・2.アンチモン(Sb)による土壌汚染
アンチモンの人体影響
アンチモンは心臓毒性を持つことが知られている。
また、人に対する慢性毒性として、呼吸器系の刺激症状、アンチモン斑と呼ばれる膿胞性皮疹が認められることがある。
アンチモンエアロゾルに曝露された婦人労働者に後期自然流産・未熟児出生・婦人科的問題の増加がある。
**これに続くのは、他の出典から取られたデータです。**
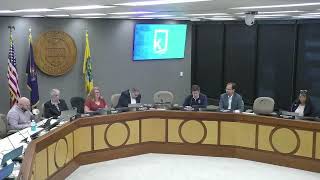 Kent County Board of Commissioners  Finance and Physical Resources Committee 100124 [upl. by Anayia]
アンチモンは発がん性物質である可能性がある。
アンチモンの非汚染土壌中濃度
日本各地の非汚染土壌表層土のアンチモン濃度の幾何平均値は0.37mg/kgDW(DW:乾重)である。
また、日本各地の土壌(表層土・下層土含む)のアンチモン濃度の中央値は0.65mg/kgDWである。
アンチモンの汚染土壌中濃度
もっぱらアンチモンの製錬をしている日比野金属、三国精錬、中瀬鉱山などの周辺土壌中アンチモン濃度は、幾何平均値で10.8、49.2、19.2mg/kgDW、最大値では136、277、321mg/kgDWであり、非常に高い値であった。
工場労働者は勿論、アンチモン汚染地周辺住民の健康状態の調査が必要である。
アンチモンの生産・輸入量と消費・輸出量
生産量は1970年をピークに激減し、輸入量が急増している。
アンチモンの消費量では、鉛蓄電池用、硬鉛鋳物用が若干で、三酸化アンチモンの消費量はほとんどが合成繊維の難燃剤である。
都市ゴミ中アンチモン濃度
1996年1~3月の大阪市内の都市ゴミ焼却場からの試料による分析から、アンチモン濃度は30~50mg/kgであり、これが都市ゴミ中アンチモンの平均値であると仮定すると、アンチモンの国内生産量の約20%が都市ゴミとして排出されることになる。
都市ゴミ焼却場から排出されるアンチモンによる環境汚染も気になるところである。
道路脇粉じん中アンチモン濃度
道路脇粉じんにもアンチモンは含まれている。
日立市を除いては、大都市ほど道路脇粉じん中アンチモン濃度は高いようである。
道路脇粉じんは風により巻き上がり、吸気中に入る可能性がある。